System Architecture¶

This document provides a detailed overview of the MAS Arena system's architecture. It explains the core components, their interactions, and the overall data flow when running a benchmark.

High-Level Architecture¶

The system is designed to be modular and extensible, allowing for easy addition of new agent systems and benchmarks. The core components are the BenchmarkRunner, AgentSystem, and Evaluator. The BenchmarkRunner orchestrates the process, while the AgentSystem encapsulates the logic for both solving a problem and evaluating its own solution.

graph TD
    subgraph User Interaction
        A[run_benchmark.sh]
    end

    subgraph Core Orchestration
        B[main.py]
        C[BenchmarkRunner]
    end

    subgraph Agent System Abstraction
        D[agents.create_agent_system]
        E[agents.AgentSystemRegistry]
        F[agents.base.AgentSystem]
        G[agents.run_agent]
    end

    subgraph Concrete Agent Systems
        direction LR
        H[MetaGPT]
        I[AgentVerse]
        J[Swarm]
        K[...]
    end

    subgraph Tool Abstraction
        U[tools.base.BaseTool]
        V[tools.ToolManager]
        W[tools.ToolSelector]
    end

    subgraph Concrete Tools
        direction LR
        X[ShellTool]
        Y[BrowserTool]
        Z[PythonExecuteTool]
        AA[...]
    end

    subgraph Evaluator Abstraction
        L[evaluators.base_evaluator.BaseEvaluator]
        M[evaluators.evaluate]
    end

    subgraph Concrete Evaluators
        direction LR
        N[HumanEvalEvaluator]
        O[MBPPEvaluator]
        P[MathEvaluator]
        Q[...]
    end

    subgraph Data
        R[Benchmark Datasets]
    end

    subgraph Results
        S[Results]
        T[Metrics]
    end

    A -- "Executes with args (agent, benchmark)" --> B
    B -- "Instantiates & calls" --> C

    C -- "Calls with agent name" --> D
    D -- "Looks up in" --> E
    E -- "Instantiates" --> F

    F -- "Is subclassed by" --> H
    F -- "Is subclassed by" --> I
    F -- "Is subclassed by" --> J
    F -- "Is subclassed by" --> K

    F -- "Uses" --> V

    V -- "Uses" --> W
    W -- "Selects from" --> U

    U -- "Is subclassed by" --> X
    U -- "Is subclassed by" --> Y
    U -- "Is subclassed by" --> Z
    U -- "Is subclassed by" --> AA

    F -- "Initializes" --> L
    L -- "Is subclassed by" --> N
    L -- "Is subclassed by" --> O
    L -- "Is subclassed by" --> P
    L -- "Is subclassed by" --> Q

    C -- "Loads" --> R
    C -- "For each problem in dataset, calls" --> F

    F -- "evaluate(problem) calls" --> G
    G -- "Gets result, then calls" --> M

    C -- "Saves" --> S
    C -- "Saves" --> T

    style F fill:#f9f,stroke:#333,stroke-width:2px
    style L fill:#ccf,stroke:#333,stroke-width:2px
    style U fill:#ffc,stroke:#333,stroke-width:2px

Execution Workflow¶

The following sequence diagram illustrates the step-by-step workflow when a benchmark is executed.

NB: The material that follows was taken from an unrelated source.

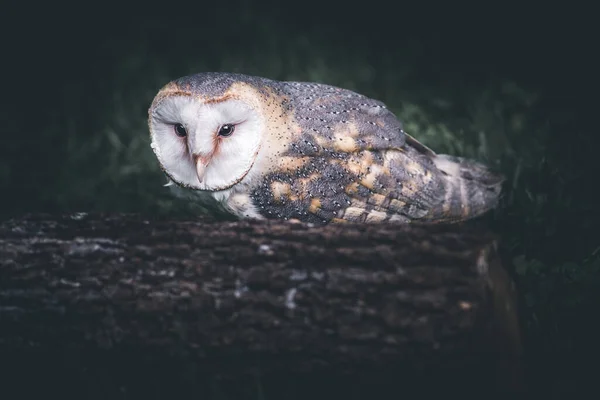 Portrait Little Owl Bird Dark Dramatic Style Image — Stock Photo, Image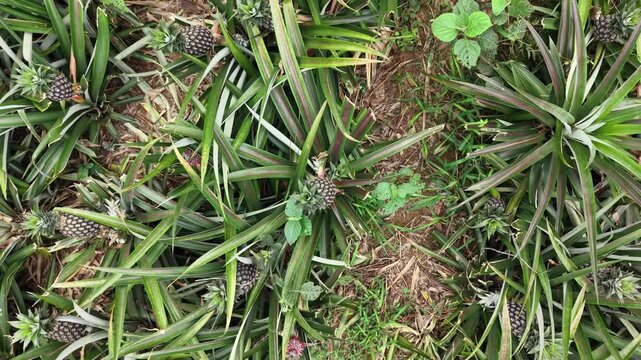 Aerial View of Pineapple Growing Plot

A key design choice is that the AgentSystem is responsible for its own evaluation. It creates an appropriate Evaluator during its initialization and uses it to score the solutions it generates.

sequenceDiagram
    participant main.py
    participant BenchmarkRunner
    participant AgentSystem
    participant ToolManager
    participant Evaluator

    main.py->>BenchmarkRunner: Instantiate & run(...)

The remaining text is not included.